TASK BRIEF
The answer should hold only the lines from the beginning of the material through the one with "Succulent Baseball T-Shirt", reproduced exactly and without pictures.

= Beginning of Section =

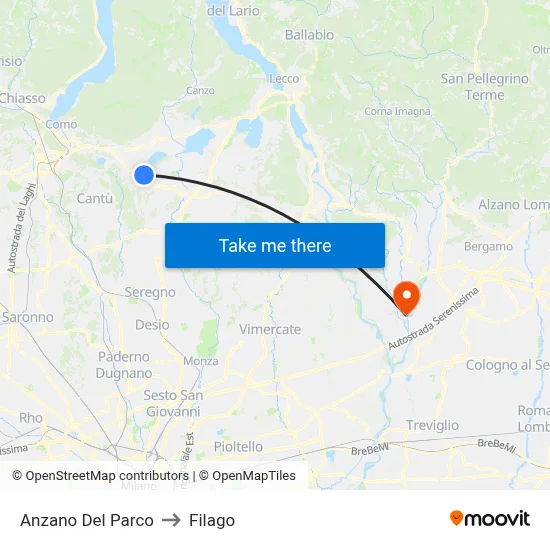 Anzano Del Parco to Filago map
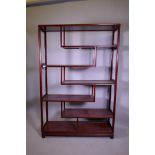 A Chinese rosewood open shelf, 123 x 36 x 192cm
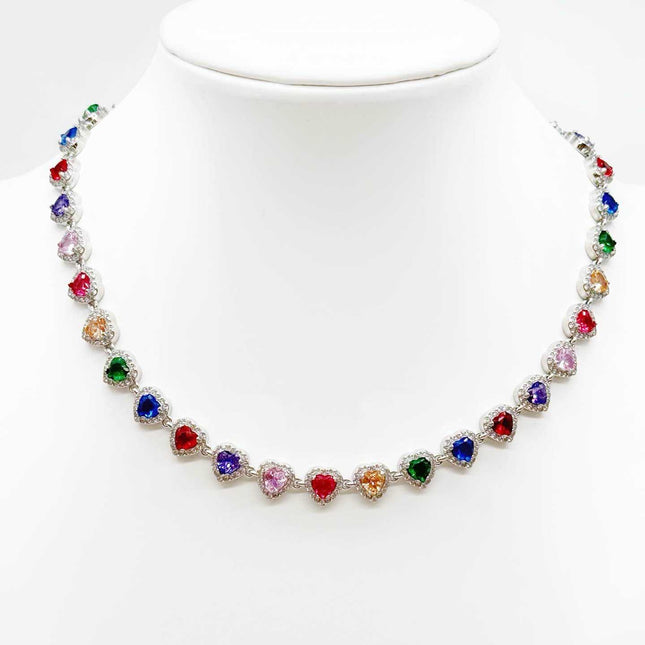 Collana  Girocollo Tennis  con Cuori Multicolore Donna Trend Moda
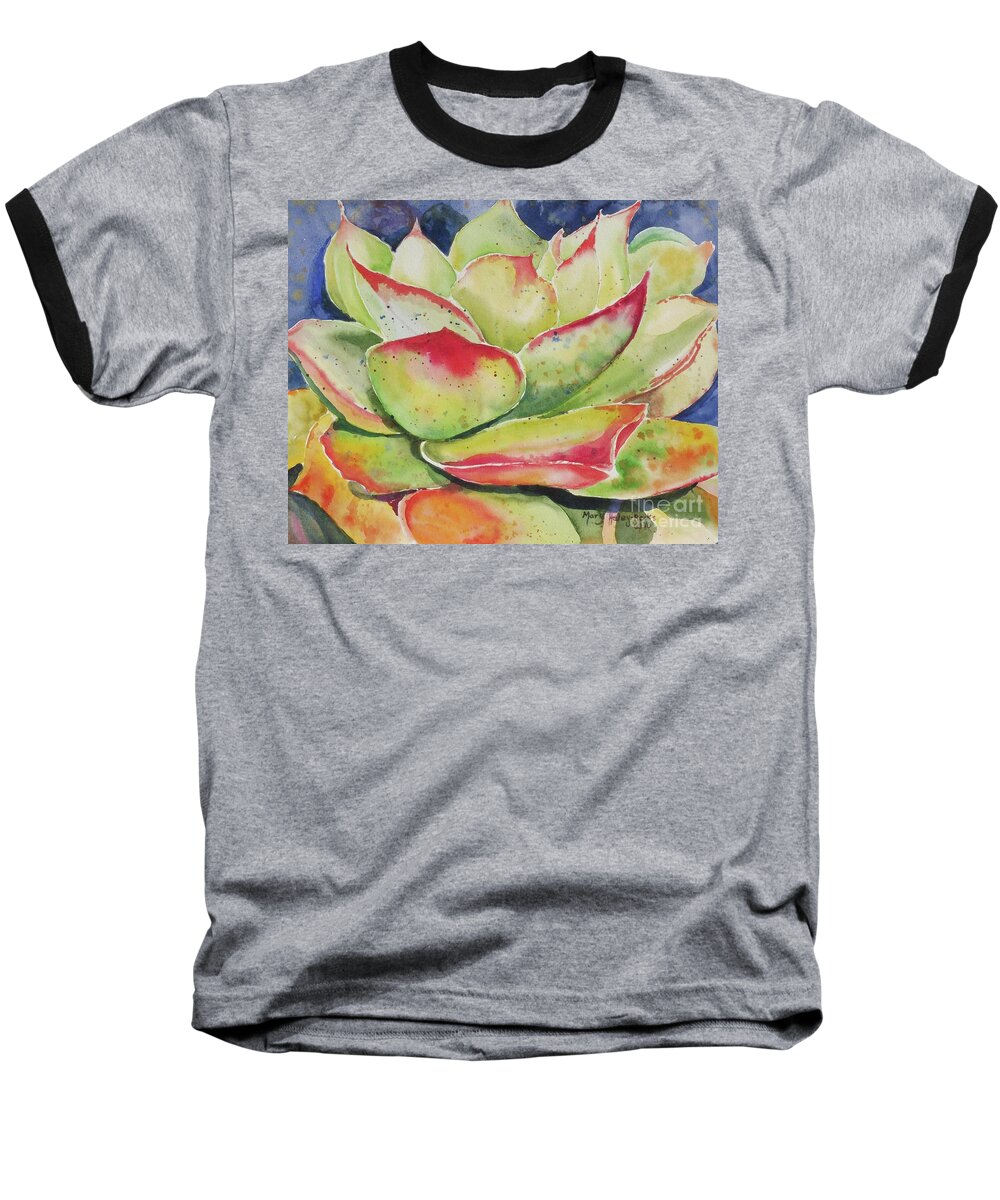 Succulent Baseball T-Shirt featuring the painting Crimison Queen by Mary Haley-Rocks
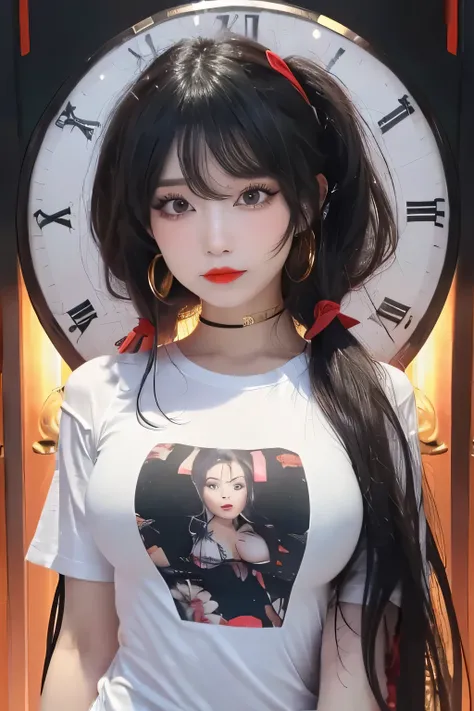 Ultra-detailed、Hanfu Chinese female celebrity wearing a tight white shirt with a black square print, red lips, long silky black hair, red hair band, perfect swept bangs, gold earrings, attractive beauty, long black eyelashes, seductive young skinny woman、p...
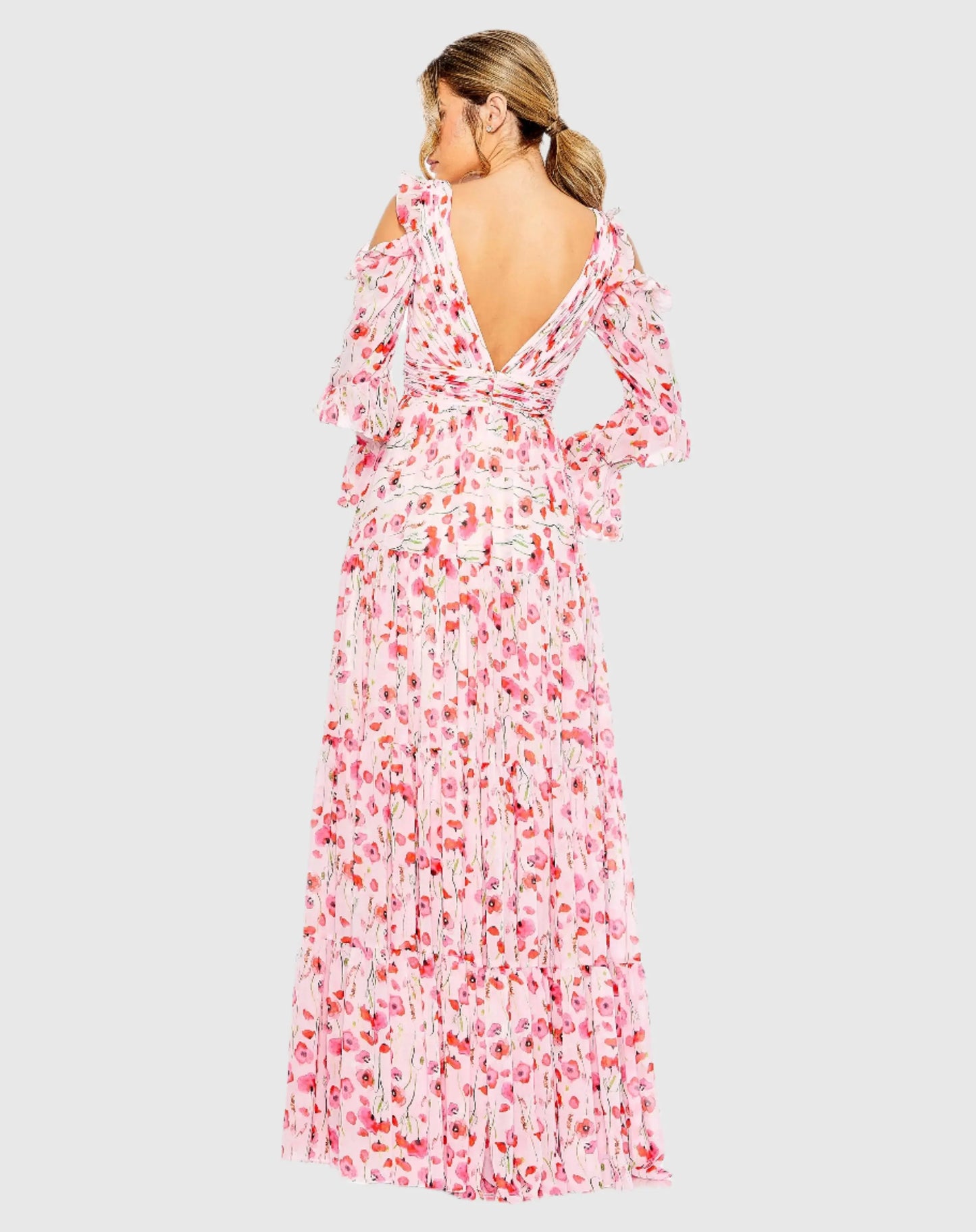 Pink Ruffle Sleeve Floral Print Gown - Ieena for Mac Duggal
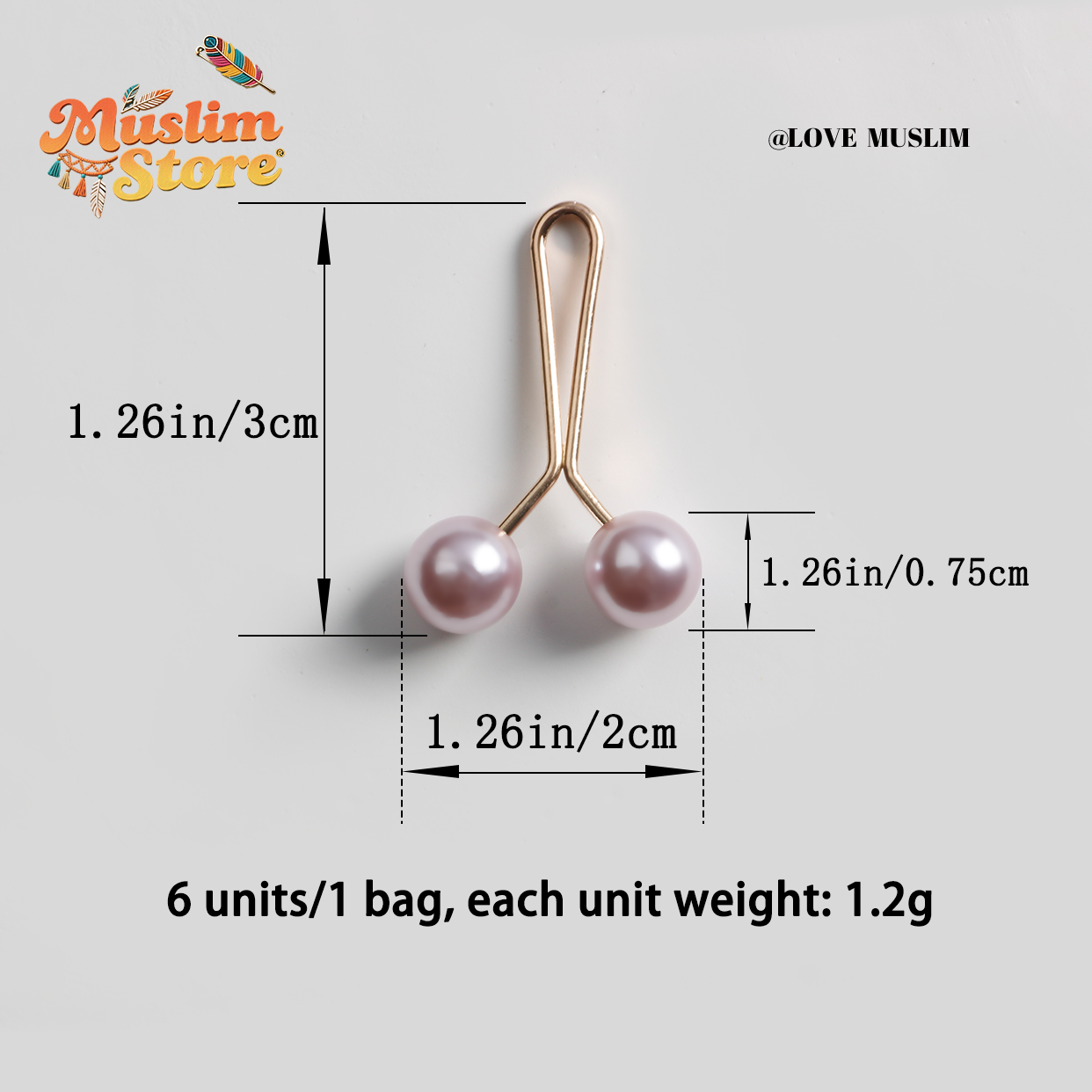 6 units/pack. Resin iron art headscarf pin fixing clip for Muslim women, which is anti-slip, safe, and comfortable to wear without damaging the skin. It's lightweight, convenient, and of excellent quality. It's a classic style headscarf accessory.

= End of Section =

PROBLEM SOLUTION
 Anzano Del Parco to Filago map
 A Chinese rosewood open shelf, 123 x 36 x 192cm
 Collana  Girocollo Tennis  con Cuori Multicolore Donna Trend Moda
 Succulent Baseball T-Shirt featuring the painting Crimison Queen by Mary Haley-Rocks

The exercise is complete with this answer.